But first – a detour regarding relics of old. Cactus Ed’s desk. This treasure was rescued from forgotten storage by his widow, Clarke Abbey, and delivered here to be revered. Sitting upon it is a facsimile of his first draft of Desert Solitaire, looseleaf, wreathed in editorial remarks and saturated with cut content far sassier than what made it to print. In a 50th celebration of the book a kickstarter was held to raise funds for its reproduction. Fifty copies were produced. I am very thankful that the entirety of Polemic’s first draft (working titles: Parks or Parkinglots? Industrial Tourism and the Parks Out of Doors: Are Tourists People? Are Park Rangers human?) can be read here for far less than the $750 listing price i saw online.
Does his desk also want for an unmarked grave beneath endless, cloudless skies beside its owner? Does it resent the oily fingers which touch it, fingers probably controlled by the very industrial tourists who its owner resented and lamented, peeved and pitied? I plied it for answers. Much like the no-name resting site of its former master it replied “no comment.”

A week passes. I sit at a paved area of designated automobile tourism, waiting for the sunrise to paint colors upon my Moab Rim, upon my La Sal Mountain Range, and the glory of the petrified dunes, my newest companion, while reading my mass printed pernicious polemic prose. Eddard’s manifesto washes over me like a torrent of acid rain in this drought season. A blessing, but it stings and scorches me terribly oh so terribly. This legend, this anti-hero of environmentalism, this painter of pictures with his tremendous text looks directly at me as he composes in 1967, “in the first place you can’t see anything from a car.” A man nearby shares these blue moments of nautical dawn on telephone calls within his four door sedan before driving off just as the sun rises. He at least gives me the courtesy of a “good morning,” as do the other sunrise enjoyers on their collapsable P65 warning adorned plastic chairs, unlike the daytime tourists i mingled with last week who rarely even spared me a passing nod.

The ancient road that led Eddy to his fated summertime government housing lies forgotten beside the paved demon, the asphalt amusement park ride i have now roamed twice, that i now sit adjacent to. My mind and soul bubble and sizzle and i find myself transmuting: half of me a man in this plastic robot future, composing these his sorry thoughts on aged tech in an aged case held together by aged tape – half sitting at a heavy desk, plinking at a typewriter while referencing swirling script in a weathered notebook, eyes aflame, positing if tourists are really people and if park rangers are really human. My sorrowful future consciousness reaches back, pleading, are you aware of the darkness to come? The advancement of decadent tourism? A monolithic recreational vehicle howls by behind me. What sabotage would you commit, seeing your words and legacy so praised in an institution you would so resent?

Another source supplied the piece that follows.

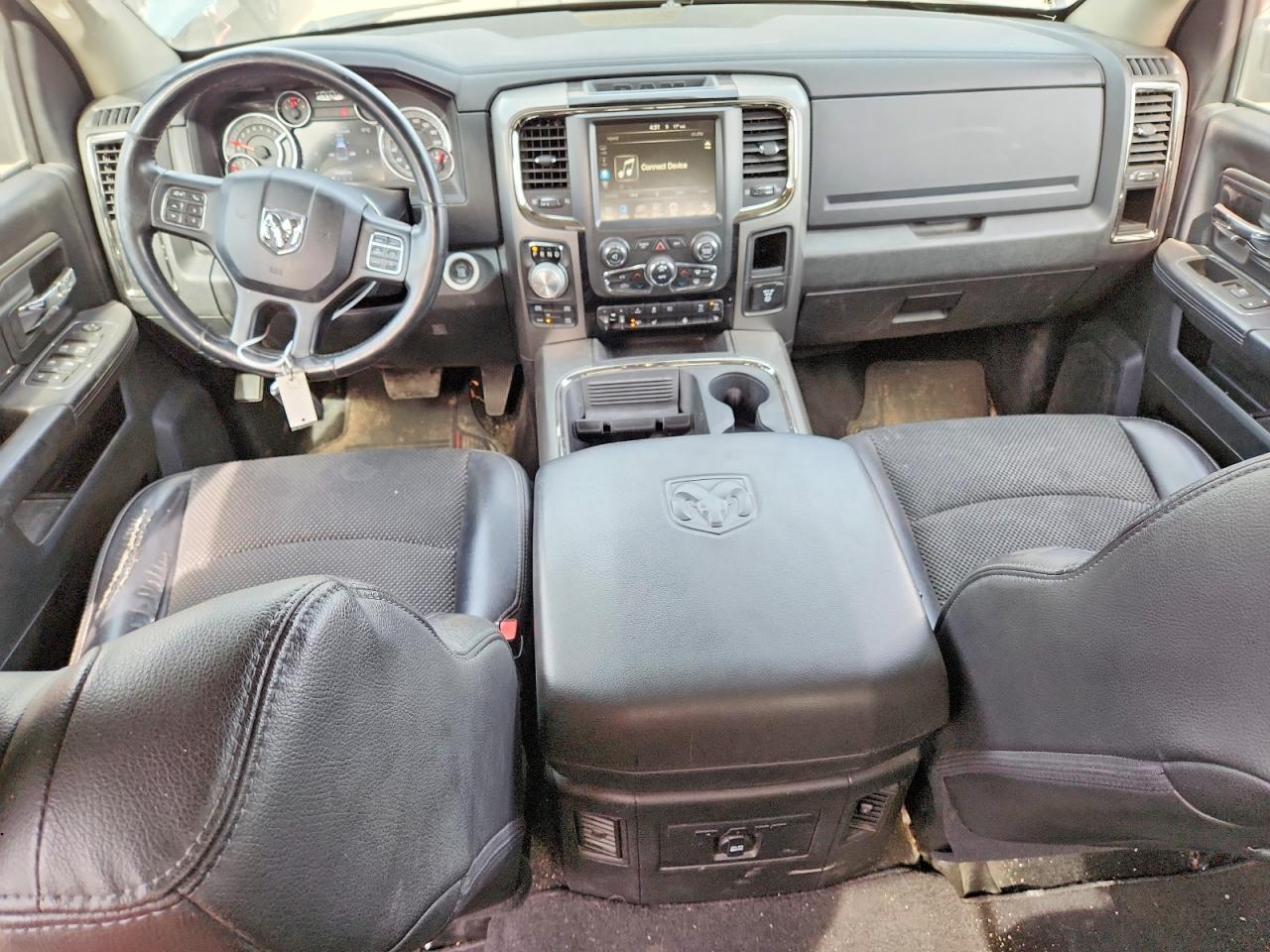 2015 Ram 1500 Sport Blue vin: 1C6RR7MT9FS743321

The sun has fully risen, he cooks the bite of night from my soul, my spirits, and my bony fingies with his majesty. My coffee has also worked its wonders, and lest i soil my last remaining pair of undamaged cotton legwear i depart my glorious viewpoint to drive to the nearest facilities down at the visitor’s center (i fully neglected the view to the north all morning, the orange dance upon the Courthouse Towers. no worries, i will have other sunrises – besides, i already beheld their wonder for two summers in the 50s.) My commute down the switchbacks of Arches National Park Road grant a view of its entryway. The queue is in its early morning infancy with timed entry permitted vehicles approaching the cashless national park gates. Why ever would the parks of my nation accept the currency of my nation? But i am being foolish, plastic is the currency of my nation these days.

Outside the visitor’s center a park ranger hoists the American flag as i gather two handfuls of sun scorched litter. I finish my morning duties and flush my toilet, as well as the toilet of a foreign tourist as he washes his hands. He doesn’t look at me.

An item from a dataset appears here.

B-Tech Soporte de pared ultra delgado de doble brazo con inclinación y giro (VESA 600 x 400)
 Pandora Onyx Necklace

I ask a ranger at the front desk about what questions he gets the most often. He replies with a meaningless “depends” and doesn’t elaborate any further. I gather more litter from the parking lot as i depart.

The day has arrived, sporting a nice 69 degrees as i drive by the longer queue of automobiles with their windows up. I merge onto 191 south as the Florida tourists who were tailgating me impatiently try to overtake me on my right side.


OPEN EVERY DANG DAY
FREE COFFEE FOR LOCALS

I struggle to eat a cinnamon roll the size of my face, thankful for the free coffee aiding me in my labor. Through the speakers Robert Zimmerman moans about road walks and blowing winds while Edmund’s words continue to blister my wet skin, painting an idealized future of National Parks free of motors but indebted to humans and nature. I sip on black coffee, pretty smoky and dark for a diner cuppa, as Edgar looks up to see the sky and sleeps in the sand like a holy dove. I pause every few paragraphs to take another bite and close my eyes and sit in the quiet National Monument from a bygone age, arches washing to the sea. I reach the end of my twenty-five page fantasy (but not my pastry, i tap out with about eight bites remaining) and Freewheelin’ Anarchy Abbey removes survey stakes placed by the Bureau of Public Roads.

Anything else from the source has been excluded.